Skip to content

Incident Actions

Actions for integration with incident management systems. Supports PagerDuty and OpsGenie.

PagerDutyAction

Creates and manages incidents through the PagerDuty Events API v2.

Configuration (PagerDutyConfig)

Property Type Default Description
routing_key str "" Events API v2 routing key (Integration Key)
severity str "error" Default severity: critical, error, warning, info
auto_severity bool True Automatic severity mapping based on validation results
component str "data-quality" Component name
group str "truthound" Logical group
class_type str "validation" Incident class/type
custom_details dict {} Additional custom details
dedup_key_template str "{checkpoint}_{data_asset}" Deduplication key template
resolve_on_success bool True Automatically resolve incident on success
api_endpoint str "https://events.pagerduty.com/v2/enqueue" API endpoint
notify_on str "failure_or_error" Execution condition

Usage Examples

from truthound.checkpoint.actions import PagerDutyAction

# Basic usage
action = PagerDutyAction(
    routing_key="${PAGERDUTY_ROUTING_KEY}",
    auto_severity=True,
    resolve_on_success=True,
)

# Detailed configuration
action = PagerDutyAction(
    routing_key="${PAGERDUTY_ROUTING_KEY}",
    severity="critical",  # Used when auto_severity=False
    auto_severity=False,
    component="production-etl",
    group="data-platform",
    class_type="data-quality-validation",
    custom_details={
        "team": "data-engineering",
        "runbook": "https://wiki.example.com/dq-runbook",
    },
    resolve_on_success=True,
    notify_on="failure_or_error",
)

# Custom deduplication key
action = PagerDutyAction(
    routing_key="...",
    dedup_key_template="{checkpoint}_{data_asset}_{run_id}",  # Separate incident per execution
)

auto_severity Mapping

When auto_severity=True, PagerDuty severity mapping based on validation results:

Condition PagerDuty Severity
critical_issues > 0 critical
high_issues > 0 error
medium_issues > 0 warning
Otherwise info

Incident Lifecycle

  1. Trigger: Creates incident on validation failure
  2. Dedup: Prevents duplicate incidents with the same dedup_key
  3. Resolve: Automatically resolves when resolve_on_success=True and validation succeeds
# Example flow
# 1. First run - failure → Create incident
# 2. Second run - failure → Update existing incident (same dedup_key)
# 3. Third run - success → Resolve incident

Payload Example

{
  "routing_key": "xxx",
  "event_action": "trigger",
  "dedup_key": "daily_data_validation_users.csv",
  "payload": {
    "summary": "Data quality failure for 'daily_data_validation' on users.csv - 150 issues found (5 critical)",
    "severity": "critical",
    "source": "users.csv",
    "component": "data-quality",
    "group": "truthound",
    "class": "validation",
    "timestamp": "2024-01-15T12:00:00",
    "custom_details": {
      "checkpoint": "daily_data_validation",
      "run_id": "20240115_120000",
      "status": "failure",
      "data_asset": "users.csv",
      "statistics": {
        "total_issues": 150,
        "critical": 5,
        "high": 25,
        "medium": 70,
        "low": 50,
        "pass_rate": "85.0%"
      }
    }
  }
}

OpsGenieAction

Creates and manages alerts through the OpsGenie Alert API.

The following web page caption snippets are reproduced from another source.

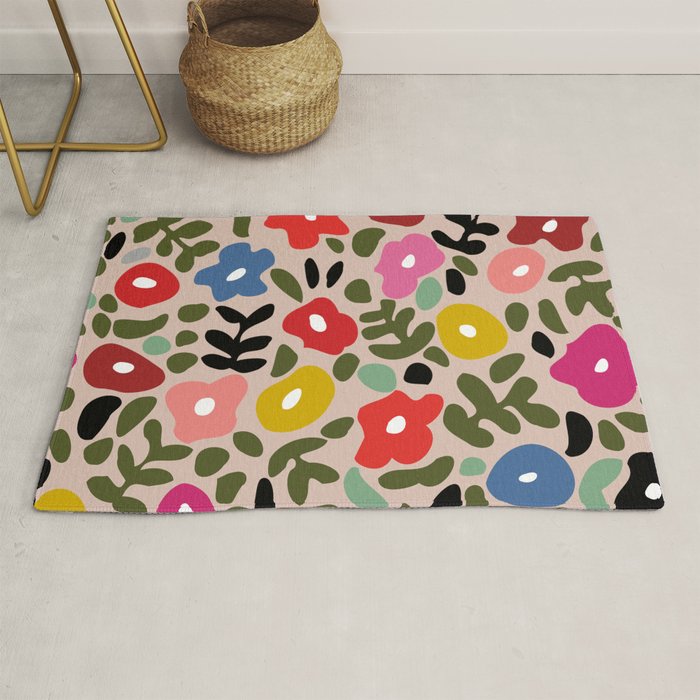 Flower meadow in muted colours Rug Gallery Image 1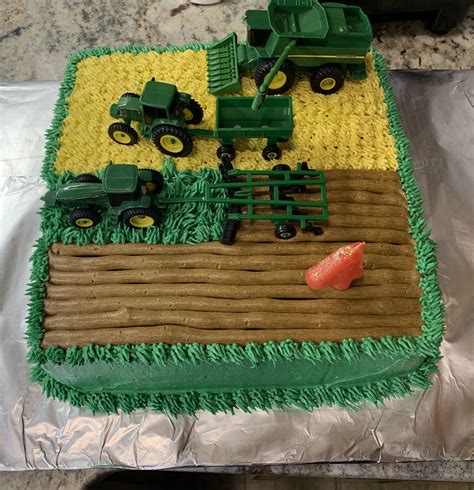 Combine Farming Cake John Deere Tractor Birthday Cakes Farm Themed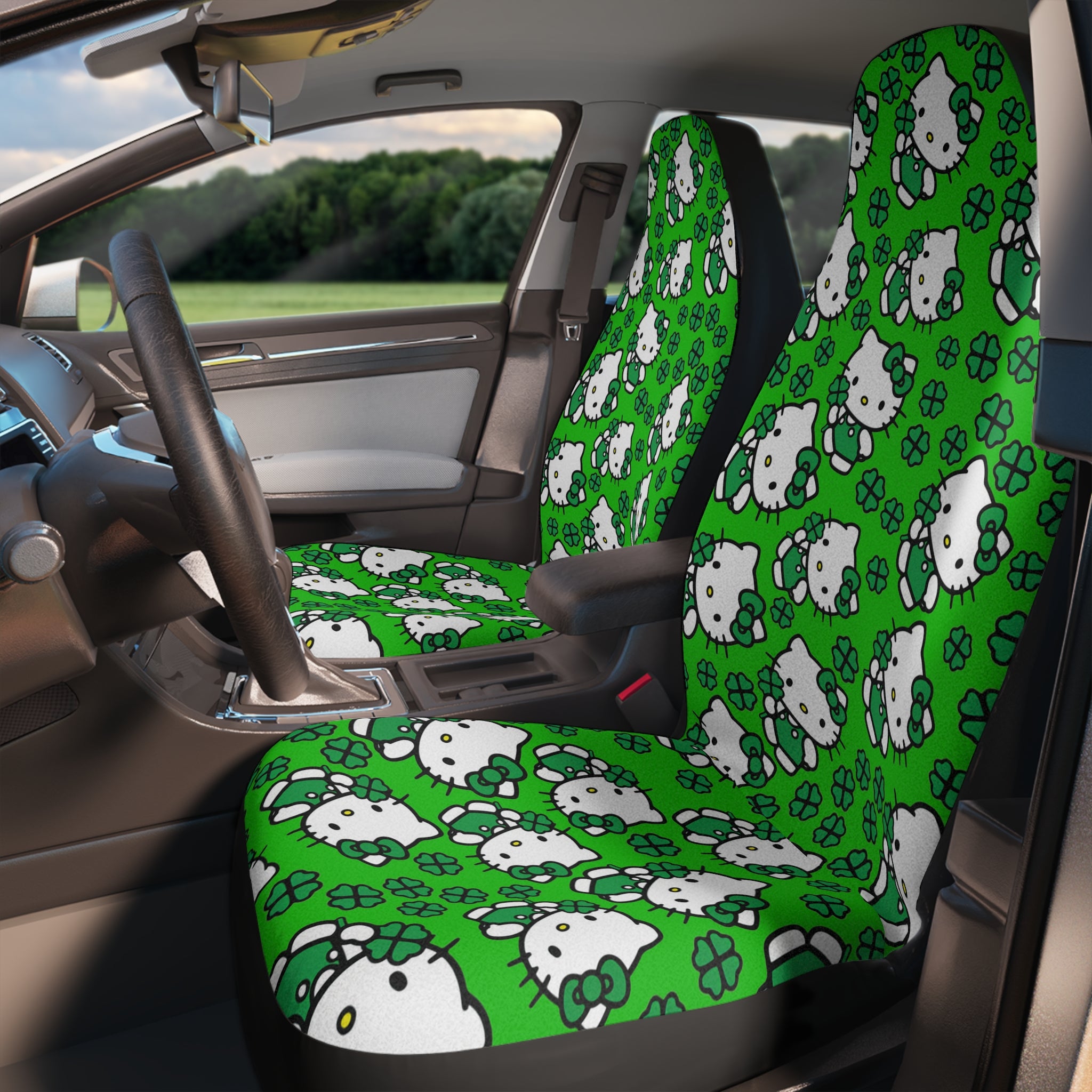 Car seat covers kitty saint patrick lucky green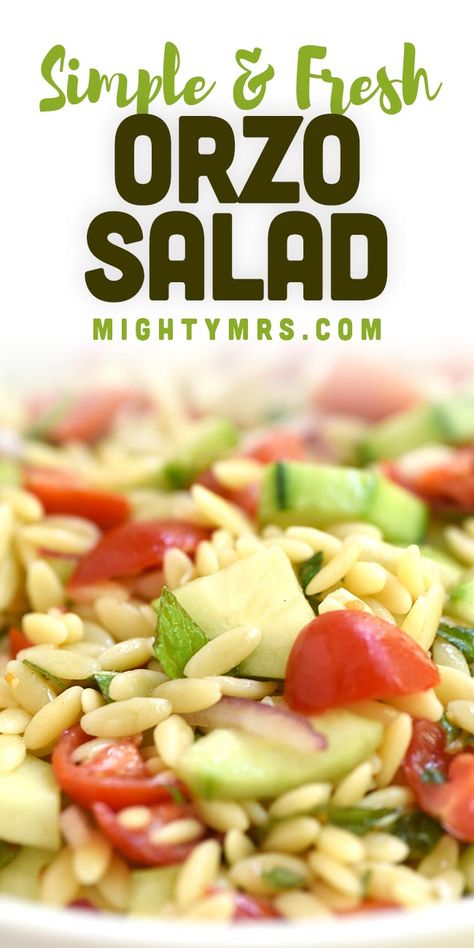 Tomato Orzo Pasta, Tomato Orzo Salad, Honey Vinaigrette Dressing, Tomato Orzo, Orzo Dishes, Honey Vinaigrette, Tomato Pasta Salad, Health Lunches, Salad Cucumber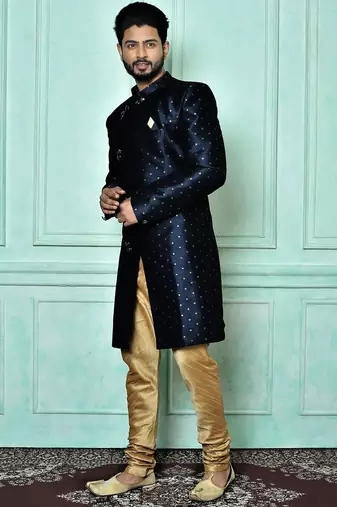 Navy blue anghrakha pattern work indo western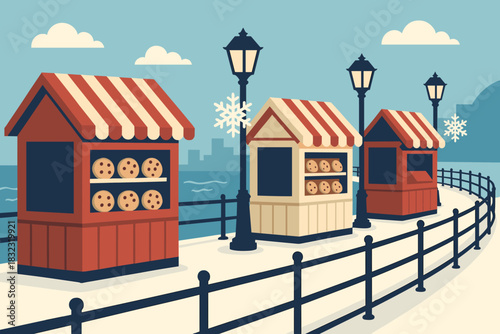 Winter cookie market stalls on snowy seaside promenade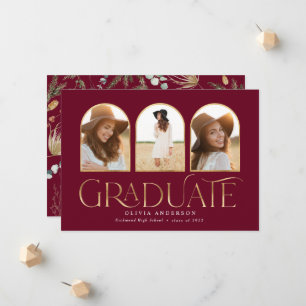 Graduate 3 photo arch watercolor botanical floral announcement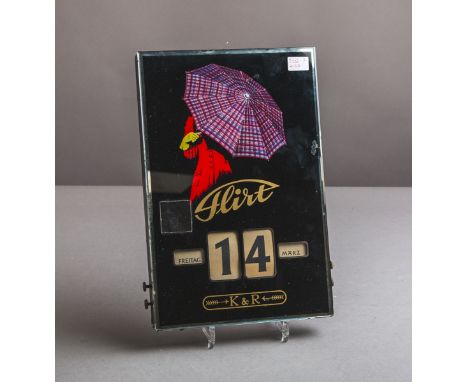 Kalender "Flirt" (K u. R, 50er J.), schwarze Glasscheibe, m. Datumsanzeige (Tag u. Monatdrehbar/verstellbar), Abb. Dame m. ge
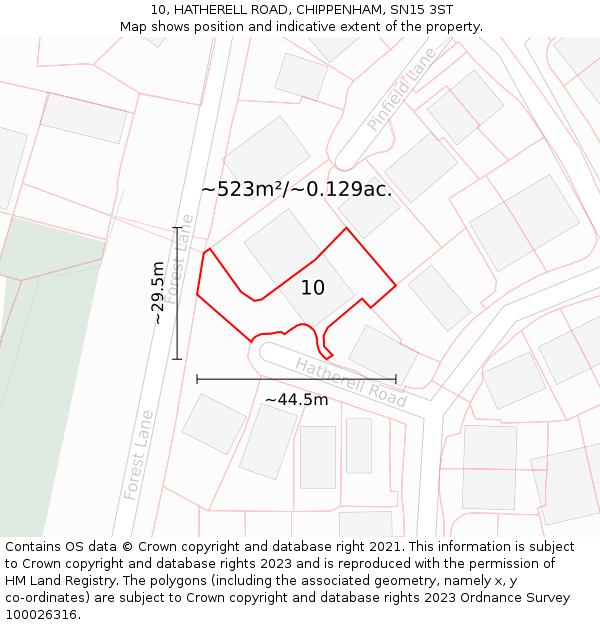 10, HATHERELL ROAD, CHIPPENHAM, SN15 3ST: Plot and title map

Configuration (OpsGenieConfig)

Property Type Default Description
api_key str "" OpsGenie API key
region str "us" Region: us, eu
priority AlertPriority P3 Default priority: P1-P5
auto_priority bool True Automatic priority mapping based on validation results
responders list[Responder] [] List of responders
visible_to list[Responder] [] Alert visibility targets
tags list[str] [] List of tags
actions list[str] [] List of action buttons
alias_template str "{checkpoint}_{data_asset}" Alert alias template (for deduplication)
auto_close_on_success bool True Automatically close on success
notify_on str "failure" Execution condition

Usage Examples

from truthound.checkpoint.actions import OpsGenieAction
from truthound.checkpoint.actions.opsgenie import (
    AlertPriority,
    Responder,
    ResponderType,
)

# Basic usage
action = OpsGenieAction(
    api_key="${OPSGENIE_API_KEY}",
    auto_priority=True,
)

# Responder configuration
action = OpsGenieAction(
    api_key="${OPSGENIE_API_KEY}",
    responders=[
        Responder(type=ResponderType.TEAM, name="data-platform"),
        Responder(type=ResponderType.USER, username="oncall@example.com"),
        Responder(type=ResponderType.ESCALATION, name="data-quality-escalation"),
    ],
    visible_to=[
        Responder(type=ResponderType.TEAM, name="engineering"),
    ],
    priority=AlertPriority.P1,
    auto_priority=False,
    tags=["data-quality", "production", "automated"],
    auto_close_on_success=True,
)

# EU region
action = OpsGenieAction(
    api_key="${OPSGENIE_API_KEY}",
    region="eu",  # Uses api.eu.opsgenie.com
)

auto_priority Mapping

When auto_priority=True, OpsGenie priority mapping based on validation results:

Condition OpsGenie Priority
critical_issues > 0 P1 (Critical)
high_issues > 0 P2 (High)
medium_issues > 0 P3 (Moderate)
low_issues > 0 P4 (Low)
Otherwise P5 (Informational)

Responder Types

class ResponderType(str, Enum):
    TEAM = "team"              # Team
    USER = "user"              # User (username)
    ESCALATION = "escalation"  # Escalation policy
    SCHEDULE = "schedule"      # Schedule

Factory Functions

from truthound.checkpoint.actions.opsgenie import (
    create_opsgenie_action,
    create_critical_alert,
    create_team_alert,
)

# Create critical alert
action = create_critical_alert(
    api_key="${OPSGENIE_API_KEY}",
    team="data-platform",
    escalation_policy="data-quality-escalation",
)

# Create team alert
action = create_team_alert(
    api_key="${OPSGENIE_API_KEY}",
    team="data-platform",
)

YAML Configuration Example

actions:
  # PagerDuty
  - type: pagerduty
    routing_key: ${PAGERDUTY_ROUTING_KEY}
    auto_severity: true
    resolve_on_success: true
    component: production-etl
    group: data-platform
    notify_on: failure_or_error

  # OpsGenie
  - type: opsgenie
    api_key: ${OPSGENIE_API_KEY}
    region: us
    auto_priority: true
    responders:
      - type: team
        name: data-platform
      - type: user
        username: oncall@example.com
    tags:
      - data-quality
      - production
    auto_close_on_success: true
    notify_on: failure

Comparison: PagerDuty vs OpsGenie

Feature PagerDuty OpsGenie
Incident Creation Events API v2 Alert API
Deduplication dedup_key alias
Auto Resolution event_action: resolve Close Alert API
Priority severity (4 levels) priority (P1-P5)
Responders Escalation policy Team, User, Schedule, Policy
Region Single US, EU